Segment Start: GIVEN MATERIAL

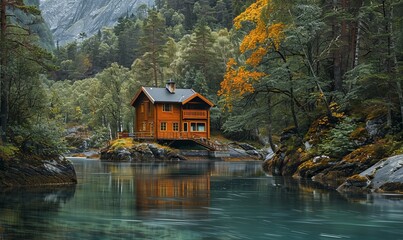 Wall Mural - Rural house in a forest by a river flowing through a Fjord in Norway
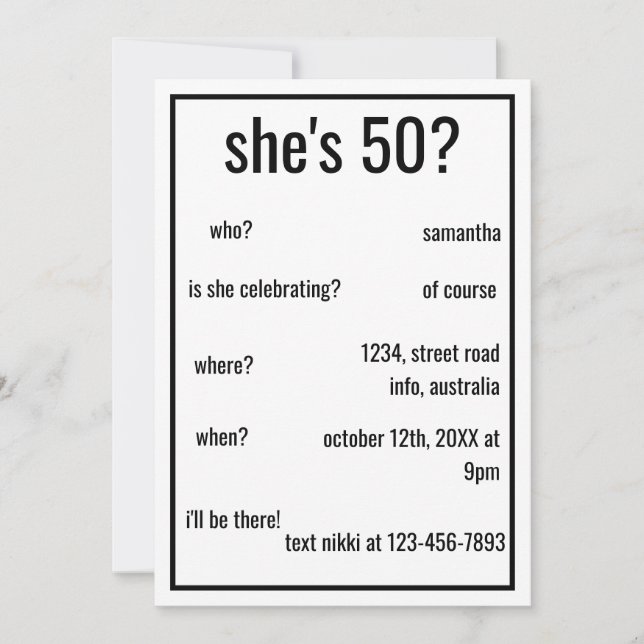 Decades Funny Simple Birthday Minimalist Custom  Invitation (Front)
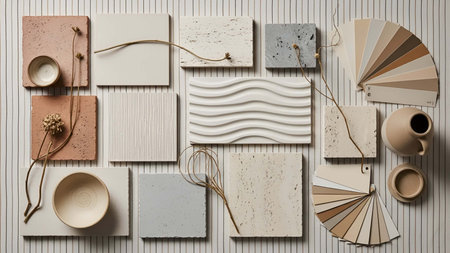 Neutral showing neutral and earthy samples with color swatches and pottery. resolution use. Clear details and vibrant colors enhance visual appeal. Neutral, earthy, samples.の写真素材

Segment End: GIVEN MATERIAL

TASK OBJECTIVE
Having located the line with "Decades Funny Simple", copy it exactly along with every later line through the end of the listing above, but omit the pictures.

EXERCISE RESULT
 Decades Funny Simple Birthday Minimalist Custom  Invitation (Front)
 Neutral showing neutral and earthy samples with color swatches and pottery. resolution use. Clear details and vibrant colors enhance visual appeal. Neutral, earthy, samples.の写真素材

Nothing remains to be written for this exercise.